Stored entries

-*-*-

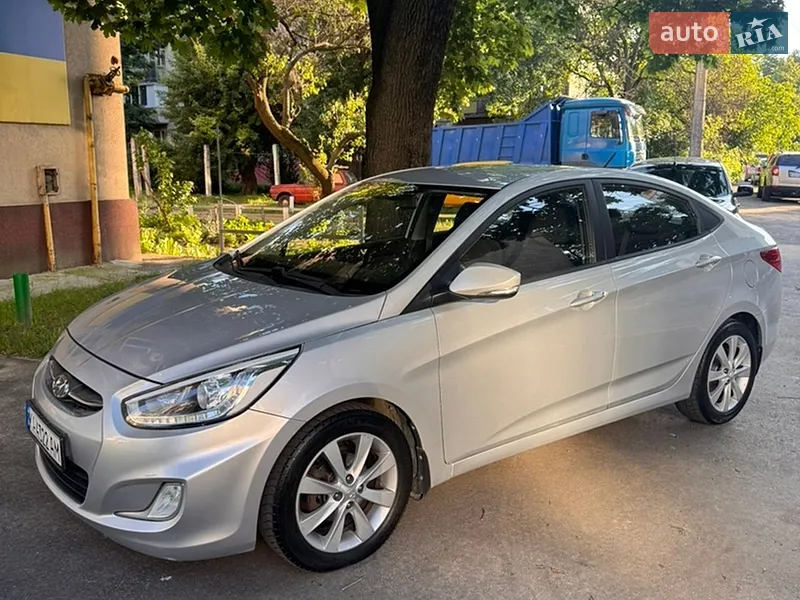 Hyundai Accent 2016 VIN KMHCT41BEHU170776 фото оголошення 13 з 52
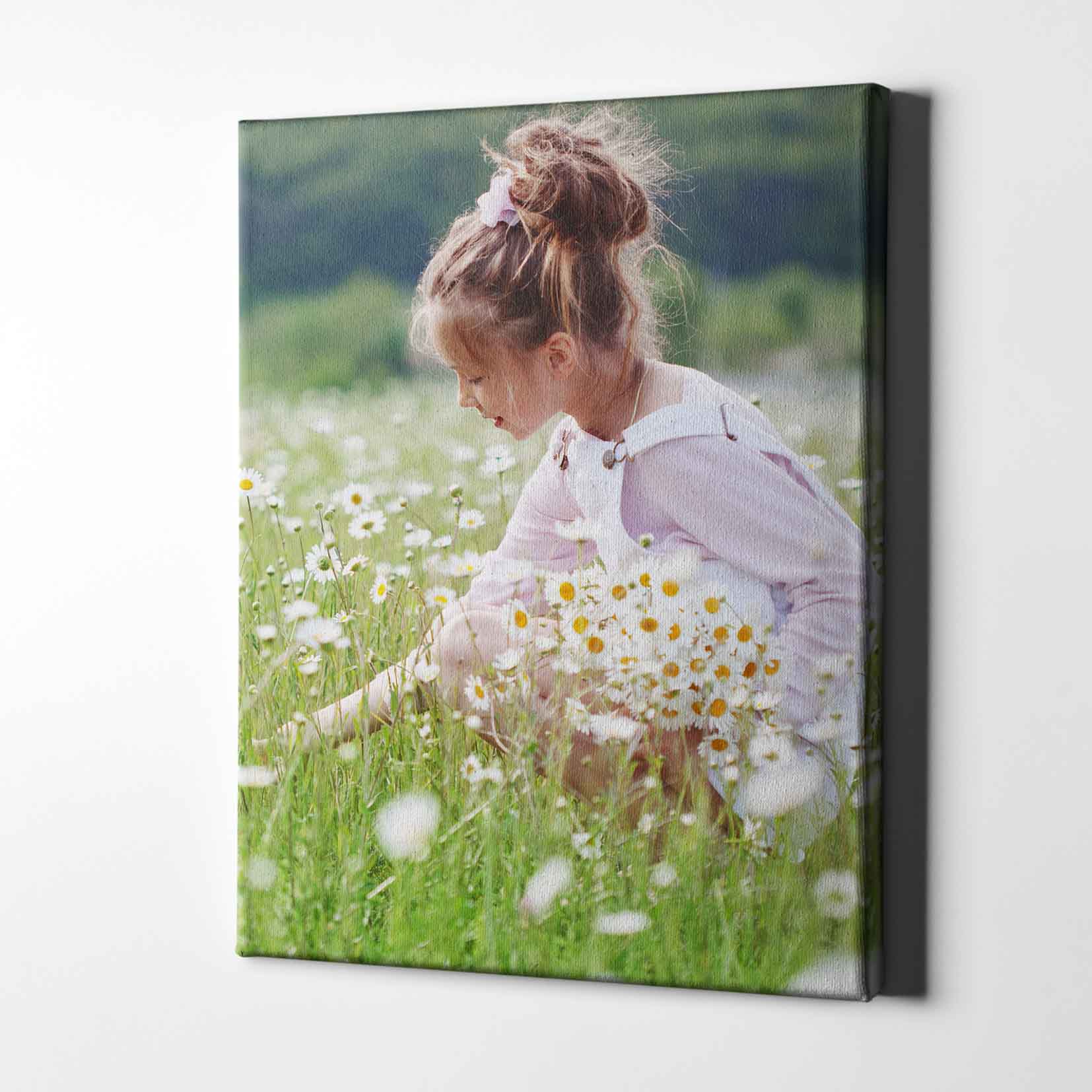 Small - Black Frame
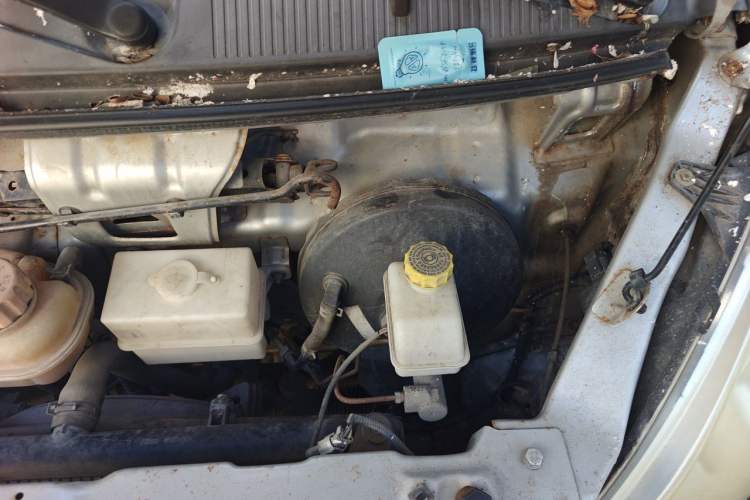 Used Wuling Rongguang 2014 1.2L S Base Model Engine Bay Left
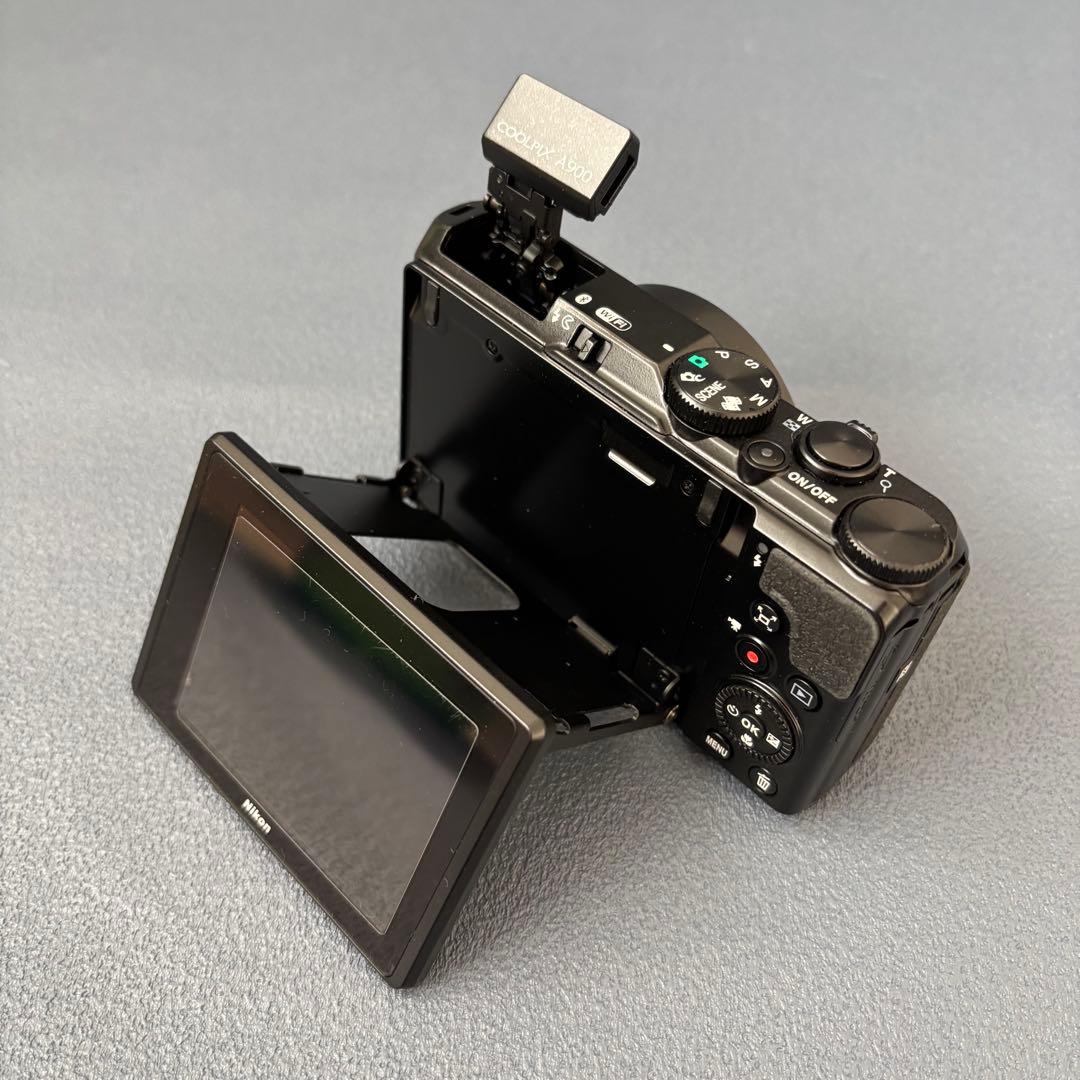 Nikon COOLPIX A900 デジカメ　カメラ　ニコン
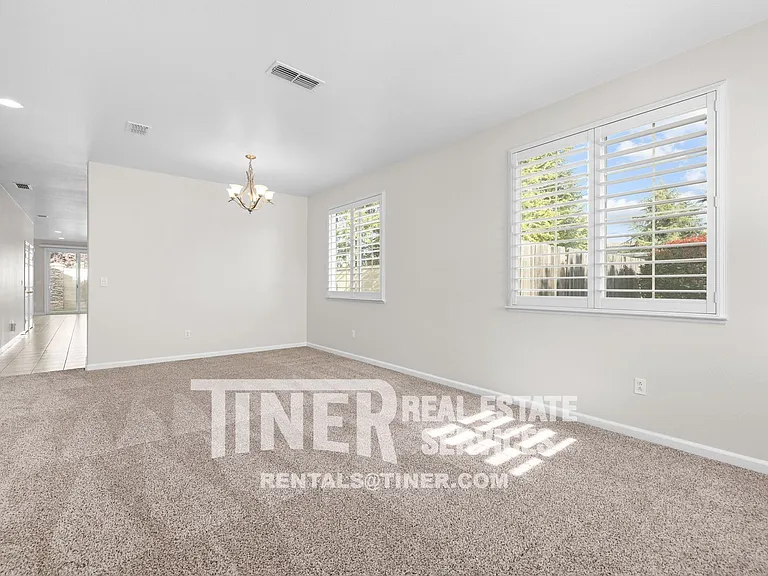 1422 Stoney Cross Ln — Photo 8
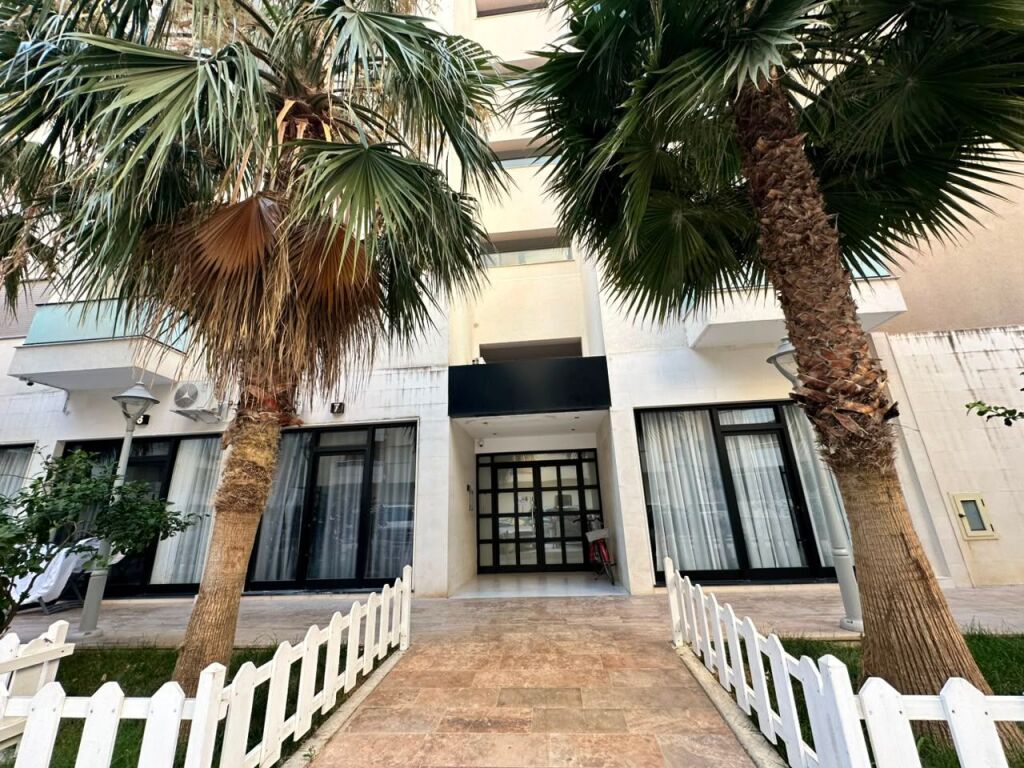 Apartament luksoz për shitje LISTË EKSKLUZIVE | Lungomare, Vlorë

-*-*-

Output every entry above exactly as written, but omit the pictures.

 Hyundai Accent 2016 VIN KMHCT41BEHU170776 фото оголошення 13 з 52
 Small - Black Frame
 Used Wuling Rongguang 2014 1.2L S Base Model Engine Bay Left
 Nikon COOLPIX A900 デジカメ　カメラ　ニコン
 1422 Stoney Cross Ln — Photo 8
 Apartament luksoz për shitje LISTË EKSKLUZIVE | Lungomare, Vlorë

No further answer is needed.